# Thread: Basic questions about integration by substitution

1. ## Basic questions about integration by substitution

1. How does it possible for sin(x)cos(x) dx to have two different solutions, namely (1/2)*(sin2x)+c and -(1/2)*(cos2x)+c, so that would bring to (rediculous) conclusion that sin2x+cos2x=0?
2. Integration by substitution makes use of differentials (not simply derivatives), thus is it purely anti-derivative?
Thank you in advance

2. ## Re: Basic questions about integration by substitution

Originally Posted by jojo7777777
1. How does it possible for sin(x)cos(x) dx to have two different solutions, namely (1/2)*(sin2x)+c and -(1/2)*(cos2x)+c, so that would bring to (rediculous) conclusion that sin2x+cos2x=0?
You are assuming that the 2 "c"s are the same. Yes, $\displaystyle \int sin(x)cos(x) dx= (1/2)sin^2(x)+ c$, for some constant, c. Yes, $\displaystyle \int sin(x)cos(x)dx= -(1/2)cos^2(x)+ C$ where "c" and "C" are generally NOT the same. Now that reduces to $\displaystyle sin^2(x)+ cos^2(x)=c- C$ which tells us that $\displaystyle sin^2(x)+ cos^2(x)$ is a constant- NOT "ridiculous".

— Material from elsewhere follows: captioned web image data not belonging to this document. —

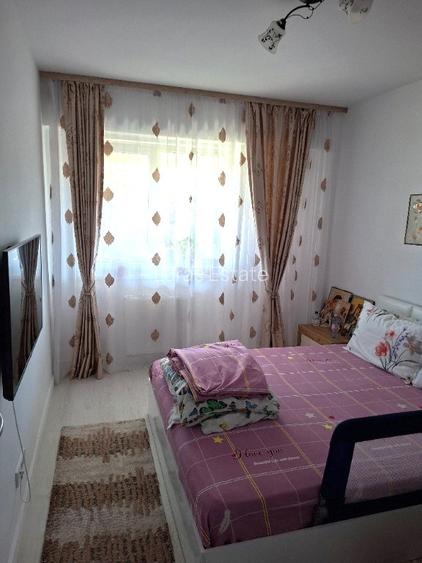 Apartament 2 camere de vânzare | Complex Granvia - Vivo - 2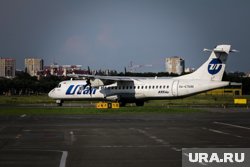 В Пензе временно не работает аэропорт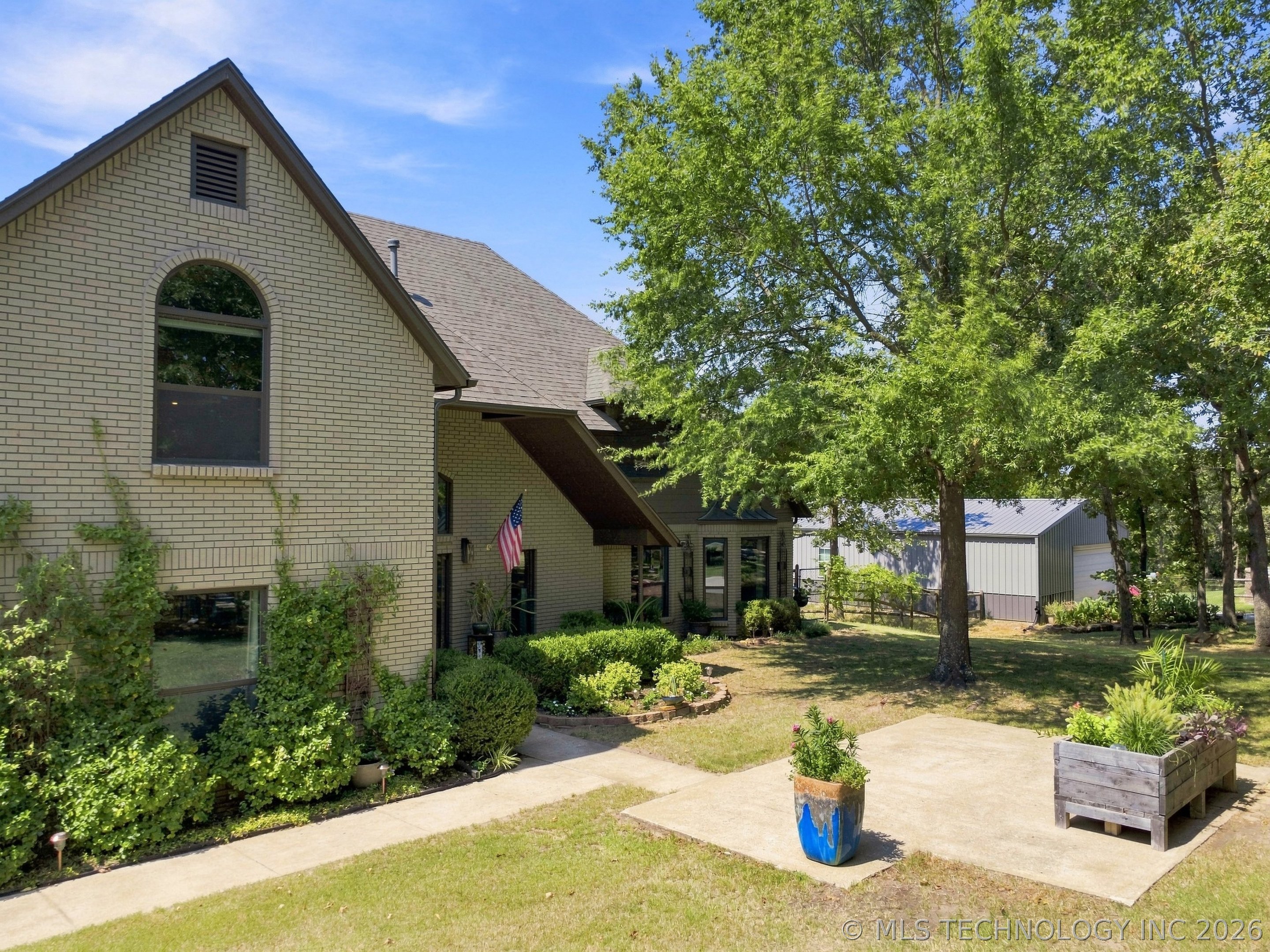 9332 S 36th West Avenue Tulsa OK 74132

2. Integration by substitution makes use of differentials (not simply derivatives), thus is it purely anti-derivative?
Thank you in advance
I don't know what you mean by"purely anti-derivative". It is, of course, an anti-derivateve. What does the "purely" indicate? And integration by substitution makes use of both differentials and derivatives which have a "one-to-one correpondence" so it really doesn't matter.

3. ## Re: Basic questions about integration by substitution

Thank you very much...!!!

4. ## Re: Basic questions about integration by substitution

Moreover 1/2 ( sin^2X) + C = 1/2 ( 1 - cos^2x ) + C = 1/2 -1/2 ( cos^2x) + C = -1/2 (cos^2x) + C +1/2 = -1/2 ( cos^2x) + c where c = C + 1/2
Thus both the solutions are the same.